Anyone out there have experience using a DAC to listen to music. I am trying to make my music sound as best as possible. People say get a DAC. For example 
Amazon.com: Audioengine D1 Premium 24-Bit DAC: Electronics
has good reviews.

Would a DAC actually make the music sound better? Would it enhance the sound more then just the standard sound card? Would it enhance the sound more then just plugging a good quality pair of head phones using the headphone jack?

What are the thoughts from members of the forum?
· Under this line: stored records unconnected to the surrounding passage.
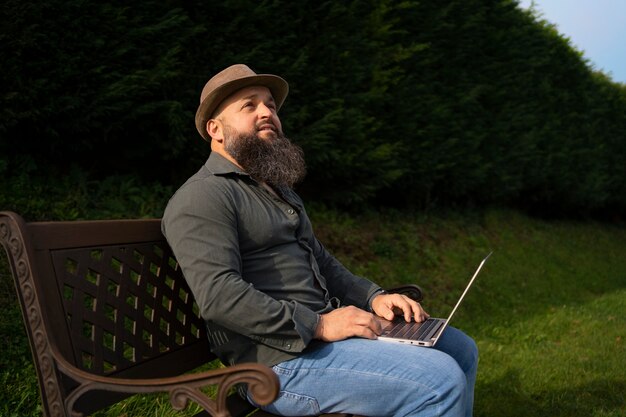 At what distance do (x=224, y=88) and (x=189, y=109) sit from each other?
2.55 metres

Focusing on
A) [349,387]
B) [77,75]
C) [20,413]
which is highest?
[77,75]

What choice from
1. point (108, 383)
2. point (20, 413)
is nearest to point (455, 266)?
point (20, 413)

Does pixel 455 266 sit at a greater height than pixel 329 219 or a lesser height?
lesser

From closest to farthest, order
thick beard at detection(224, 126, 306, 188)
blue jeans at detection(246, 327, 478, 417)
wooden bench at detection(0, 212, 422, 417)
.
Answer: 1. wooden bench at detection(0, 212, 422, 417)
2. blue jeans at detection(246, 327, 478, 417)
3. thick beard at detection(224, 126, 306, 188)

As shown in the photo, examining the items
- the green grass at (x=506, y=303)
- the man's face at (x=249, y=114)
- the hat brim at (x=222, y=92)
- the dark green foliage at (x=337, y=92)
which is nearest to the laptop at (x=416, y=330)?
the man's face at (x=249, y=114)

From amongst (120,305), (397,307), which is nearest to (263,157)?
(120,305)

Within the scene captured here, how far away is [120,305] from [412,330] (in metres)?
1.16

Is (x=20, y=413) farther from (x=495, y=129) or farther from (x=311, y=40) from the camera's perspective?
(x=495, y=129)

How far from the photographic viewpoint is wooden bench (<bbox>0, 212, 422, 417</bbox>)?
6.08 feet

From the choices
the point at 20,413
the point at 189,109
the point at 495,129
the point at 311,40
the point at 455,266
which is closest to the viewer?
the point at 20,413

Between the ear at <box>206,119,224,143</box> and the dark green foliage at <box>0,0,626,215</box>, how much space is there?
1746 mm

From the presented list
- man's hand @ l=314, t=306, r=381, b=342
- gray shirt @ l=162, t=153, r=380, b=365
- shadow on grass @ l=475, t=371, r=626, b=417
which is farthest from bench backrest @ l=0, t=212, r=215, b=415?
shadow on grass @ l=475, t=371, r=626, b=417

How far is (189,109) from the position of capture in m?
5.14

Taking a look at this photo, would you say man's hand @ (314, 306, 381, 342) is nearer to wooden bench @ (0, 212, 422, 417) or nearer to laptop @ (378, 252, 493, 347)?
laptop @ (378, 252, 493, 347) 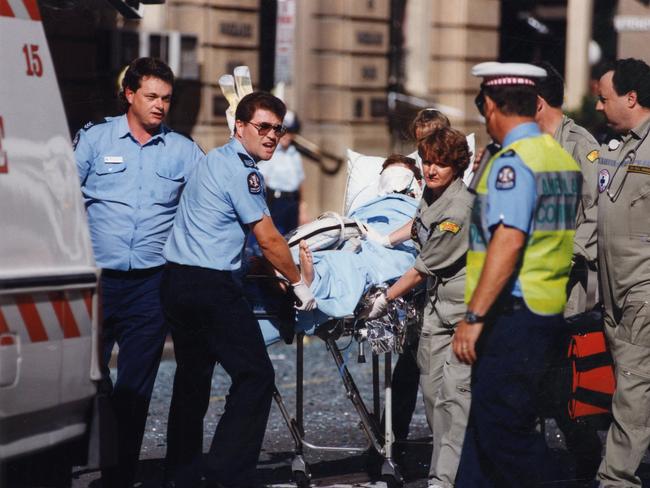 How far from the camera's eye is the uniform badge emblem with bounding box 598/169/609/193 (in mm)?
6141

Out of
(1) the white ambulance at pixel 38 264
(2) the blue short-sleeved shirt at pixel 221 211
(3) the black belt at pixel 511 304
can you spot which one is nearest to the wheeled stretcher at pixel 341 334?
(2) the blue short-sleeved shirt at pixel 221 211

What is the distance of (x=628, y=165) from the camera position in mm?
6051

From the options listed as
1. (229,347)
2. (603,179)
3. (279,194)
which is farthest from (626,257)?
(279,194)

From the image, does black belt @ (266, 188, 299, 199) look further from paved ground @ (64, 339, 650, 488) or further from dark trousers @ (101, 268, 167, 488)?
dark trousers @ (101, 268, 167, 488)

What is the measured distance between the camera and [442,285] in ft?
19.6

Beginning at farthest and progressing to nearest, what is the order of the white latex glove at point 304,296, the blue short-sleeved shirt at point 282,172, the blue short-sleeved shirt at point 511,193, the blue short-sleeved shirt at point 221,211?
the blue short-sleeved shirt at point 282,172, the white latex glove at point 304,296, the blue short-sleeved shirt at point 221,211, the blue short-sleeved shirt at point 511,193

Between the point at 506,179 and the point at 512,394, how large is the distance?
0.80m

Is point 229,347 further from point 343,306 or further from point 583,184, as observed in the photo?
point 583,184

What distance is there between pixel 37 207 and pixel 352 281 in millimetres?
2064

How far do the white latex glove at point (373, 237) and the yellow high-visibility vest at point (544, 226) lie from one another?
1338 millimetres

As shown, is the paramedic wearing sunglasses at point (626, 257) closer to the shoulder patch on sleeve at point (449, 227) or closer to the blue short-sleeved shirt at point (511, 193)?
the shoulder patch on sleeve at point (449, 227)

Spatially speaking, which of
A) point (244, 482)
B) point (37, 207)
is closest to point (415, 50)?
point (244, 482)

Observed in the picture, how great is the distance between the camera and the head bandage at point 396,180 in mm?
6730

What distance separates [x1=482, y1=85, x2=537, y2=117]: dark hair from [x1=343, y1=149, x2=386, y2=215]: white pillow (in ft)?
6.46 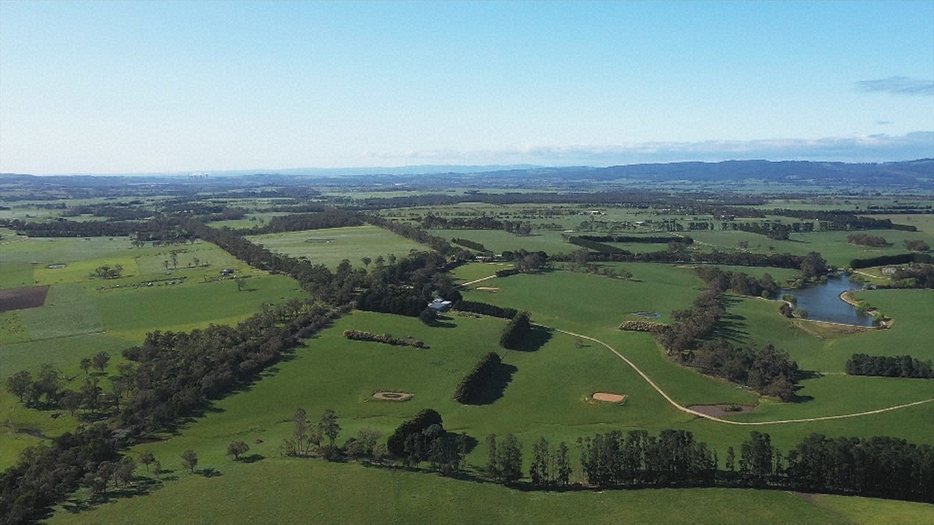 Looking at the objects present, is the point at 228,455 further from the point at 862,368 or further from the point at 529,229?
the point at 529,229

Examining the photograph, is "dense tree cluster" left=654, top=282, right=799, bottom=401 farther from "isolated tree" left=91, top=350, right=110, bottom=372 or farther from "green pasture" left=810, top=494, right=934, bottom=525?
"isolated tree" left=91, top=350, right=110, bottom=372

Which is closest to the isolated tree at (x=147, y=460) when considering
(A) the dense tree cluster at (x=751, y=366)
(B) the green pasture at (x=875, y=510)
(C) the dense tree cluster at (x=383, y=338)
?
(C) the dense tree cluster at (x=383, y=338)

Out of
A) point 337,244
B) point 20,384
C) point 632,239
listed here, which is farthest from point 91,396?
point 632,239

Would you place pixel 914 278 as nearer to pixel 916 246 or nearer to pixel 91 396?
pixel 916 246

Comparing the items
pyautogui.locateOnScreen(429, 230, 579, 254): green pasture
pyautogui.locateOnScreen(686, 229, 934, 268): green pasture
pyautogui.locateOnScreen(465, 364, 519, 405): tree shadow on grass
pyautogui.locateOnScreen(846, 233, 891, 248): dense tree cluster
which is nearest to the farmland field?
pyautogui.locateOnScreen(465, 364, 519, 405): tree shadow on grass

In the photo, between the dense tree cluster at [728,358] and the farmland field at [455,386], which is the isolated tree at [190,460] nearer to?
the farmland field at [455,386]

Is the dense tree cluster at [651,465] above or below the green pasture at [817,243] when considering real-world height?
below
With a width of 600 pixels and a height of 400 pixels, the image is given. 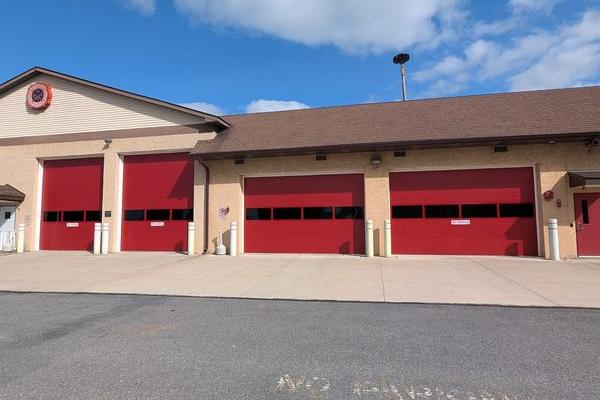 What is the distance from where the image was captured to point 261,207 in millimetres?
14609

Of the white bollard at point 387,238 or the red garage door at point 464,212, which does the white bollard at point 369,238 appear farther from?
the red garage door at point 464,212

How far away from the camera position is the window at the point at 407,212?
13329 mm

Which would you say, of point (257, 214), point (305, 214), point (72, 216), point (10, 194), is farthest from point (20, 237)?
point (305, 214)

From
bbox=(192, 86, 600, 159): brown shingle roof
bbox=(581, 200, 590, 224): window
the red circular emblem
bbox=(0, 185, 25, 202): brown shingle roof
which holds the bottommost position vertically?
bbox=(581, 200, 590, 224): window

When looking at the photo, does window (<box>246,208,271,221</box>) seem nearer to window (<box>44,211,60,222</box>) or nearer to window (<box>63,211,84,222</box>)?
window (<box>63,211,84,222</box>)

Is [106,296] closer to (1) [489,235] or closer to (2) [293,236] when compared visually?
(2) [293,236]

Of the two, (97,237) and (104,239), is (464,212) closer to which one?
(104,239)

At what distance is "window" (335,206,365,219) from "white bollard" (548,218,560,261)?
6.13 meters

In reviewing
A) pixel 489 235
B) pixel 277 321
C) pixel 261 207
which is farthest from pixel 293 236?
pixel 277 321

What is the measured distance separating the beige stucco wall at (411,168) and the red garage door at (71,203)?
19.1 ft

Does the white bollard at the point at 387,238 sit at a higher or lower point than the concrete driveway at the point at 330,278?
higher

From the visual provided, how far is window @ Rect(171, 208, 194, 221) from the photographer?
15.0 meters

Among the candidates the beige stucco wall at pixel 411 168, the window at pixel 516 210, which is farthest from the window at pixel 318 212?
the window at pixel 516 210

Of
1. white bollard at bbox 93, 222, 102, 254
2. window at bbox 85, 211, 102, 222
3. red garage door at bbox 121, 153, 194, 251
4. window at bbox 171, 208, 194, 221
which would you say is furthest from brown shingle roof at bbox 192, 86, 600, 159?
window at bbox 85, 211, 102, 222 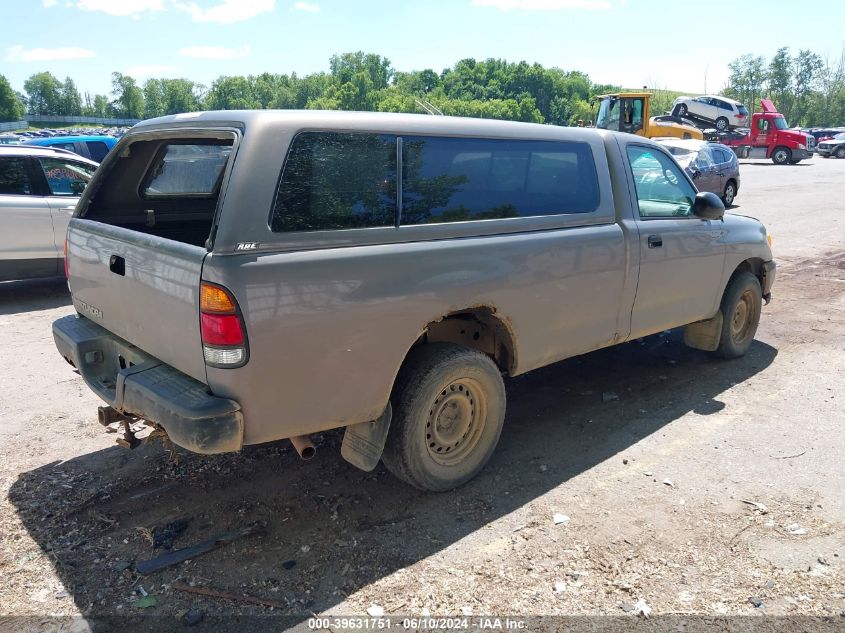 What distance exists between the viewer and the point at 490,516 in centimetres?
363

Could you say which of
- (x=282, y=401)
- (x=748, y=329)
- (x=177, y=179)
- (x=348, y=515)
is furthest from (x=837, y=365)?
(x=177, y=179)

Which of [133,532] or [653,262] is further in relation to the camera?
[653,262]

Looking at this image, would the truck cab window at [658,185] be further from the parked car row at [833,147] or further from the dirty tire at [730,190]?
the parked car row at [833,147]

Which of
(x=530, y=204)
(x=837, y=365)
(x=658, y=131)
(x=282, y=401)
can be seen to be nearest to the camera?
(x=282, y=401)

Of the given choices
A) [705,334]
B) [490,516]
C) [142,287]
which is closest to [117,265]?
[142,287]

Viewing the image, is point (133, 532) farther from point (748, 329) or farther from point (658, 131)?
point (658, 131)

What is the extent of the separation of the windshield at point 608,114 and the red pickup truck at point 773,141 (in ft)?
50.1

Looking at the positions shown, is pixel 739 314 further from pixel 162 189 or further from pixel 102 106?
pixel 102 106

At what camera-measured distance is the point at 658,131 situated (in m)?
28.0

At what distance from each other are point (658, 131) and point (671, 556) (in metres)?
27.7

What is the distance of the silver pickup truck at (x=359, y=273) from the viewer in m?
2.92

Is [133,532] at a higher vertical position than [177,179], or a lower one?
lower

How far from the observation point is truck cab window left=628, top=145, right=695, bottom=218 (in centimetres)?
484

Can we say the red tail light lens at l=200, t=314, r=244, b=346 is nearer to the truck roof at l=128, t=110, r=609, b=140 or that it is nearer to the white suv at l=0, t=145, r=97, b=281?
the truck roof at l=128, t=110, r=609, b=140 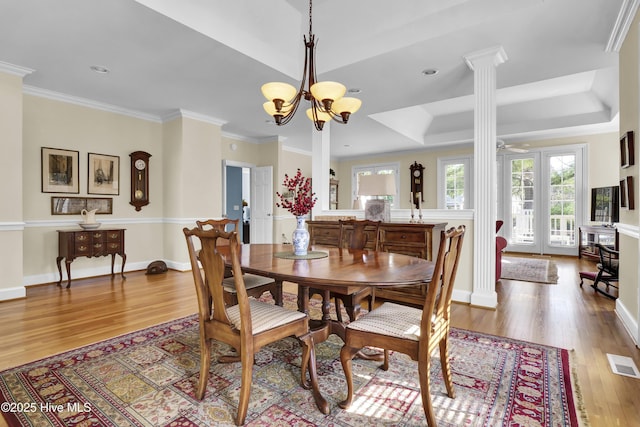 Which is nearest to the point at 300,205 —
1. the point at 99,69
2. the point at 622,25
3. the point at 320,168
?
the point at 320,168

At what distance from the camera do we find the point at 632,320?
2.63 m

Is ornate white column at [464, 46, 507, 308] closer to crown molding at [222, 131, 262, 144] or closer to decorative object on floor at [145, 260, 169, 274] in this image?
decorative object on floor at [145, 260, 169, 274]

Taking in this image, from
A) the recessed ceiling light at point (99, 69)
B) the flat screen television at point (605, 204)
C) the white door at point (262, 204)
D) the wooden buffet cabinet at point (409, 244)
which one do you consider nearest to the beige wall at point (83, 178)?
the recessed ceiling light at point (99, 69)

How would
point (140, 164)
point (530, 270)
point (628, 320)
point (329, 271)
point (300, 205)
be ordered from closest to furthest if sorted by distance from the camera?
1. point (329, 271)
2. point (300, 205)
3. point (628, 320)
4. point (140, 164)
5. point (530, 270)

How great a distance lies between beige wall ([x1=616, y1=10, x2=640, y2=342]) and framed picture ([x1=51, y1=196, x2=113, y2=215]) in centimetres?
618

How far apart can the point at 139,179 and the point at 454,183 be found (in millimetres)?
7048

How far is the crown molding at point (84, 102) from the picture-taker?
4297 millimetres

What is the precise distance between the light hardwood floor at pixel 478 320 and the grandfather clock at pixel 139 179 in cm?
137

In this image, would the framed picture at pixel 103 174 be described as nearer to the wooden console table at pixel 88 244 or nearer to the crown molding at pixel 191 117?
the wooden console table at pixel 88 244

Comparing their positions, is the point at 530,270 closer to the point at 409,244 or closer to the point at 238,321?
the point at 409,244

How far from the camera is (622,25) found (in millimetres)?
2791

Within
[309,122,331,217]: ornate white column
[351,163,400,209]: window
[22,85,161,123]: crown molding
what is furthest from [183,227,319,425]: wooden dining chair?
[351,163,400,209]: window

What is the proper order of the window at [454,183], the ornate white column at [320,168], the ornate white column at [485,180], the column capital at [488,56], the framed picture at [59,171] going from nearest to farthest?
the column capital at [488,56], the ornate white column at [485,180], the framed picture at [59,171], the ornate white column at [320,168], the window at [454,183]

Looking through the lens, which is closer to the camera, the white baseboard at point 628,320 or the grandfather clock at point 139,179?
the white baseboard at point 628,320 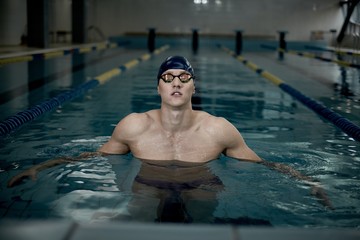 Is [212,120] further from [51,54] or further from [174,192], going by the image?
[51,54]

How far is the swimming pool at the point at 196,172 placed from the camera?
8.70ft

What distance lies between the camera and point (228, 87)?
8.72 meters

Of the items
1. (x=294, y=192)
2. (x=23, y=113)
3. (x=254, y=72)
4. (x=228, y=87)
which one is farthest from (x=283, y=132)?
(x=254, y=72)

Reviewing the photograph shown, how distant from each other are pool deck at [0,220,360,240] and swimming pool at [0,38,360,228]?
139cm

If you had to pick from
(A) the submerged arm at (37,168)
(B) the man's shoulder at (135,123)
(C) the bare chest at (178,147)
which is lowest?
(A) the submerged arm at (37,168)

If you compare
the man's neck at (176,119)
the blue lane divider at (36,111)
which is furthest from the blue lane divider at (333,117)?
the blue lane divider at (36,111)

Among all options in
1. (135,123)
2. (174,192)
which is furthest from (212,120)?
(174,192)

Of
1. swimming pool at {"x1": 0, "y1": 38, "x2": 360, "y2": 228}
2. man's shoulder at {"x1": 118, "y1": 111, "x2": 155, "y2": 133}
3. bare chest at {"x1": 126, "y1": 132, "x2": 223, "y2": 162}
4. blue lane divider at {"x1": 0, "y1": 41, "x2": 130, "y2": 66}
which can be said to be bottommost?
swimming pool at {"x1": 0, "y1": 38, "x2": 360, "y2": 228}

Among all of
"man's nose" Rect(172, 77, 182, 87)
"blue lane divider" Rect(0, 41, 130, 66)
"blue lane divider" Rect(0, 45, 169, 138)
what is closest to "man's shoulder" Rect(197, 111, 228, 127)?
"man's nose" Rect(172, 77, 182, 87)

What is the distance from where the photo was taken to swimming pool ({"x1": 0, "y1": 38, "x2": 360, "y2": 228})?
2.65 metres

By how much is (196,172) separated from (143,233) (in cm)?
205

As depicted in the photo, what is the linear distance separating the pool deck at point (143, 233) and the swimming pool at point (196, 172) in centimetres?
139

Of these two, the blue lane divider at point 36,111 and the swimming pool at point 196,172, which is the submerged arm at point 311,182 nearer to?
the swimming pool at point 196,172

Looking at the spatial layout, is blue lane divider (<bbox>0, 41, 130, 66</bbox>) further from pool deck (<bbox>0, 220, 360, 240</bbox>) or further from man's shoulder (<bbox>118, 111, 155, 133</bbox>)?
pool deck (<bbox>0, 220, 360, 240</bbox>) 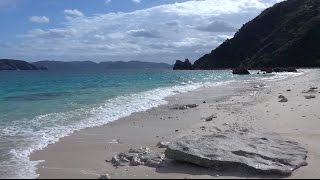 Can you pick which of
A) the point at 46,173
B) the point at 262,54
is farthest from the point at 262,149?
the point at 262,54

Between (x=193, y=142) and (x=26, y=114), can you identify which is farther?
(x=26, y=114)

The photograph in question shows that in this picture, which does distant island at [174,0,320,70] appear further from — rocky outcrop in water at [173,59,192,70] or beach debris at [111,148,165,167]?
beach debris at [111,148,165,167]

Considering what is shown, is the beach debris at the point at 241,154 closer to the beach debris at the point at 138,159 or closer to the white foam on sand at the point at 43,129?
the beach debris at the point at 138,159

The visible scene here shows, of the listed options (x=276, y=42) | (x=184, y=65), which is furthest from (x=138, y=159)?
(x=184, y=65)

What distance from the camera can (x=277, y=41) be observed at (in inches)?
6033

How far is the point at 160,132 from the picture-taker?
13484 millimetres

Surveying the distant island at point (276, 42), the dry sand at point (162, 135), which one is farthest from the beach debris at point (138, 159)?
the distant island at point (276, 42)

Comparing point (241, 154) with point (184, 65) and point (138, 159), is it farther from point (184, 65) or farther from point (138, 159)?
point (184, 65)

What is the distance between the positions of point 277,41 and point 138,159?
150947 mm

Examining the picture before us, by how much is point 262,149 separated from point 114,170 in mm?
2833

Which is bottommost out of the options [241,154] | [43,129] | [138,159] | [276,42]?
[43,129]

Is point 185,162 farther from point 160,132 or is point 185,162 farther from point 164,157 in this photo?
point 160,132

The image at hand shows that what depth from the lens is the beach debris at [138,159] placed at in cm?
862

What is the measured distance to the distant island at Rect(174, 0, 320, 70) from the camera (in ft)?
431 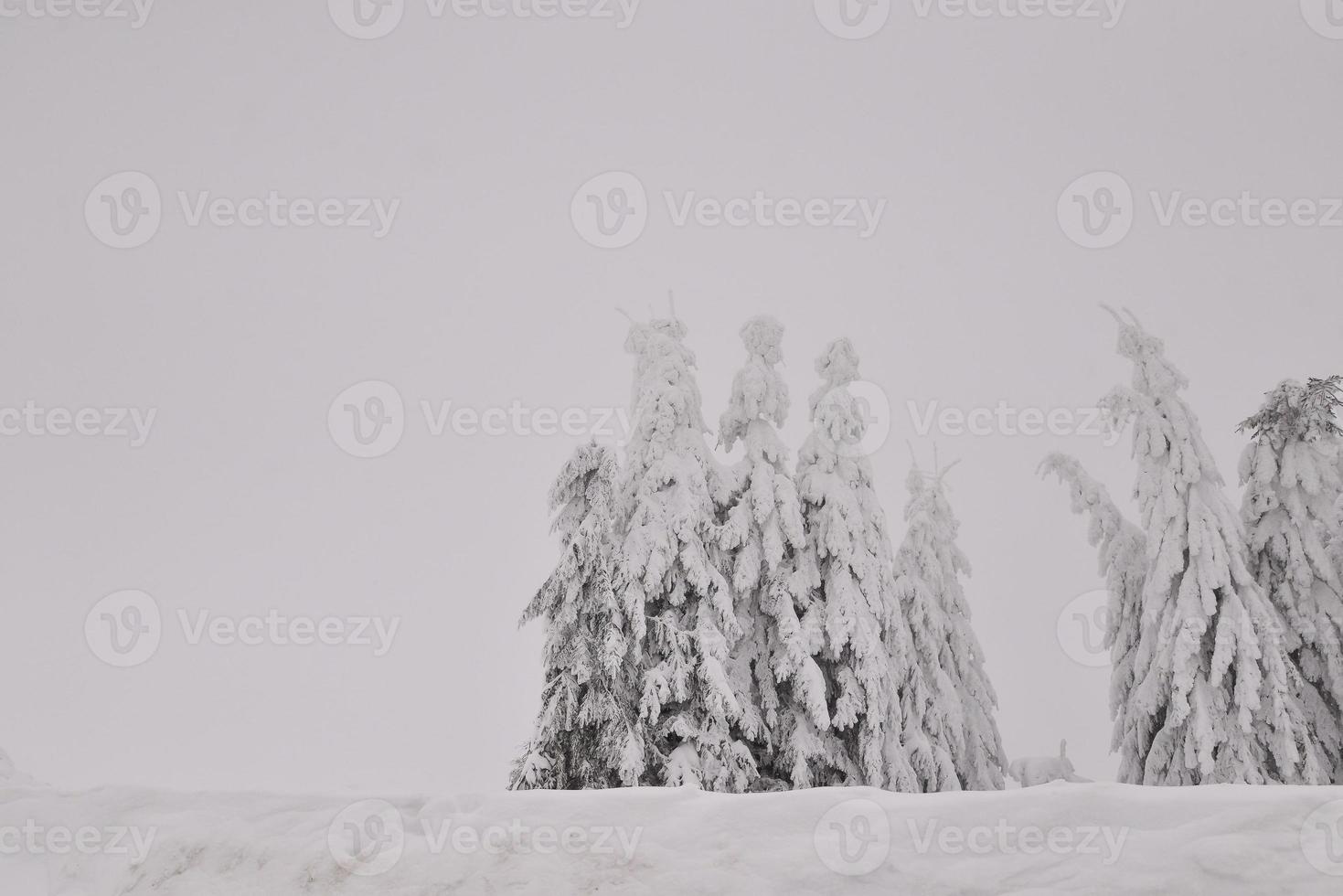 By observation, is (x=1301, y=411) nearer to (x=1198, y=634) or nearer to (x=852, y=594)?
(x=1198, y=634)

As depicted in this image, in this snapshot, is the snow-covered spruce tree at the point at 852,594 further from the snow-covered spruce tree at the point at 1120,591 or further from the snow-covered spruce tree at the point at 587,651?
the snow-covered spruce tree at the point at 1120,591

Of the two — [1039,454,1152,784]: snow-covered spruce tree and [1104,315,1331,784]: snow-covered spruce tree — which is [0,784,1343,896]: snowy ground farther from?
[1039,454,1152,784]: snow-covered spruce tree

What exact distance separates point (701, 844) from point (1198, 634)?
1601cm

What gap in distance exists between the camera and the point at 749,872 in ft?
Answer: 22.0

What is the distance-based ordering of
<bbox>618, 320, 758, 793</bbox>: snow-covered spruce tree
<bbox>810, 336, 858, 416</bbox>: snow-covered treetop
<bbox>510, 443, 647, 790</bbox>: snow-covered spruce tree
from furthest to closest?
<bbox>810, 336, 858, 416</bbox>: snow-covered treetop < <bbox>618, 320, 758, 793</bbox>: snow-covered spruce tree < <bbox>510, 443, 647, 790</bbox>: snow-covered spruce tree

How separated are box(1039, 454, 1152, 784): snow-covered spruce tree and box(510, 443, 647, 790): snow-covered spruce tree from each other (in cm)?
1102

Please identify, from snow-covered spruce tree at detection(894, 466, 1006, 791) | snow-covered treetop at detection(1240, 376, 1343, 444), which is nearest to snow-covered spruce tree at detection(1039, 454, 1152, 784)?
snow-covered spruce tree at detection(894, 466, 1006, 791)

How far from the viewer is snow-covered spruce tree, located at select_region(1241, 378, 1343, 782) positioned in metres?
19.5

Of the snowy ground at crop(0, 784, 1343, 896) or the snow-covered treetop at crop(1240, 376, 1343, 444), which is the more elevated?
the snow-covered treetop at crop(1240, 376, 1343, 444)

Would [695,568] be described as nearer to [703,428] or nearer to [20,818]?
[703,428]

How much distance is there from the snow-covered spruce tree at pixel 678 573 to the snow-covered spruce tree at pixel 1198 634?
29.3 ft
Right now my set up is a pair of Sony MDR-7506 plugged into the laptop using the standard 1/4" mini headphone jack.


----------



## v-six (Sep 12, 2004)

Renton,

The improvement that you'd get from adding an external DAC would be based on the quality of the DAC in your laptop vs the quality of the product you get. I recently upgraded the on-board sound on my desktop to a soundcard with a very good DAC in it, and I got minor but noticeable changes in clarity and the soundstage in general. It's probably safe to assume that you'd have to connect to something via USB, there aren't many laptops with a S/PDIF audio connection. I don't have any experience on that end, but technically at least the USB max data rate is higher than most audio files. (USB 2 peaks at 480Kbps, stuff like iTunes puts out 256Kbps.) Still, I got a good laugh out of the gold-plated USB cable included in that package:smile:

Unless the speaker/headphone output of your laptop is exceptionally bad (which many of them are), you'll will hear some improvements in the audio, it just won't change your life. You've already got a good set of headphones, so adding in a good piece of hardware into the signal chain wouldn't hurt. You just have to decide if it's worth the money.


----------



## yustr (Sep 27, 2004)

Back in the day when I used to sell audio gear, the rule of thumb was to spend 2/3 of your budget on speakers and 1/3 on the rest of the electronics. What's this got to do with your DAC question? It's worth asking, how good are your speakers? (Or headphones if that's what you use?) You'll get very little improvement if your speakers are the weak link in the chain. In fact, sending cheap speakers very clean, high dynamic range and wide frequency range signals can turn out to be worse as they may not be able to handle it and begin to distort.


----------



## rentonhighlands (Aug 20, 2005)

What is a way I can compare between a DAC and my current headphone jack? How can I look to see what my current output is on my laptop sound card or on board sound output? On the DAC side what specs do I look at?


----------



## v-six (Sep 12, 2004)

yustr said:


> It's worth asking, how good are your speakers? (Or headphones if that's what you use?)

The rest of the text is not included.